Corey Robin, em artigo sobre as afinidades entre Nietzsche e Hayek, afirma que o economista austríaco admite a necessidade das “decisões de uma elite governante” com antidoto às trapalhadas da malta ignara. Nas páginas do famoso livro The Road to Serfdom, Hayek escreve: “O empregador e o indivíduo independente estão empenhados em definir e redefinir seu plano de vida, enquanto os trabalhadores cuidam, em grande medida, de se adaptar a uma situação dada”. Ao trabalhador de Hayek faltam responsabilidade, iniciativa, curiosidade e ambição. É um perdedor.
Por isso, nos escritos político-jurídicos, Hayek não hesita em escolher o liberalismo diante dos riscos da democracia. “Há um conflito irreconciliável entre democracia e capitalismo – não se trata da democracia como tal, mas de determinadas formas de organização democrática… Agora tornou-se indiscutível que os poderes da maioria são ilimitados e que governos com poderes ilimitados devem servir às maiorias e aos interesses especiais de grupos econômicos. Há boas razões para preferir um governo democrático limitado, mas devo confessar que prefiro um governo não democrático, limitado pela lei, a um governo democrático ilimitado (e, portanto, essencialmente sem lei).”

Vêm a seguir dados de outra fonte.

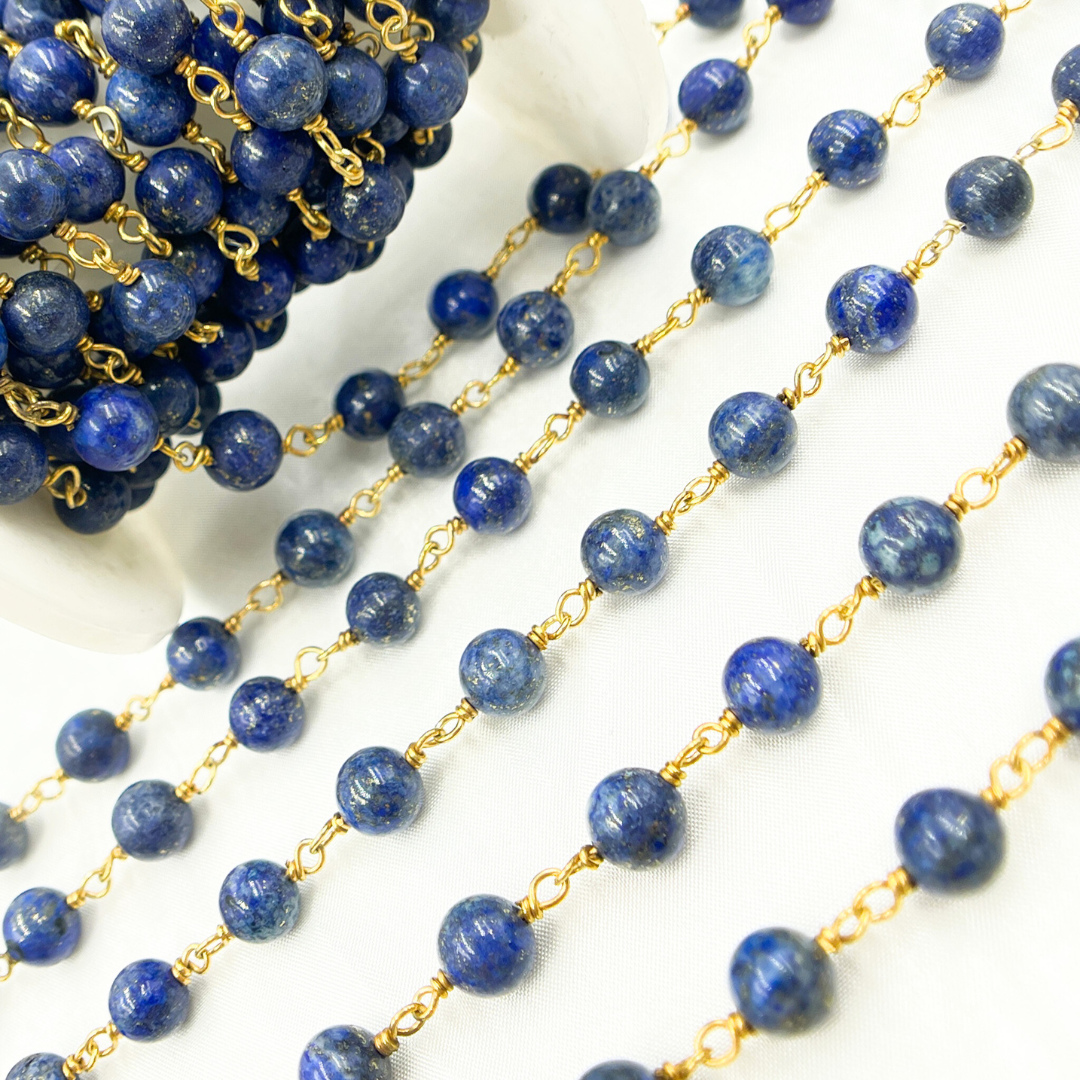 Lapis Lazuli Round Gold Plated Wire Chain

O poeta e crítico literário Anis Shivani reconhece que as leis do Imperium conseguiram submeter os mais frágeis. “Em vez de reivindicarem a proteção social como um direito legítimo, os cidadãos sentem-se culpados, vexados e deprimidos por sua dependência dos programas governamentais.”
Convencidos de sua liberdade, os indivíduos livres entregam seu destino aos grilhões da concorrência e às ilusões da meritocracia. Transtornados por suas culpas, os perdedores acomodam-se aos suplícios da exclusão e da desigualdade.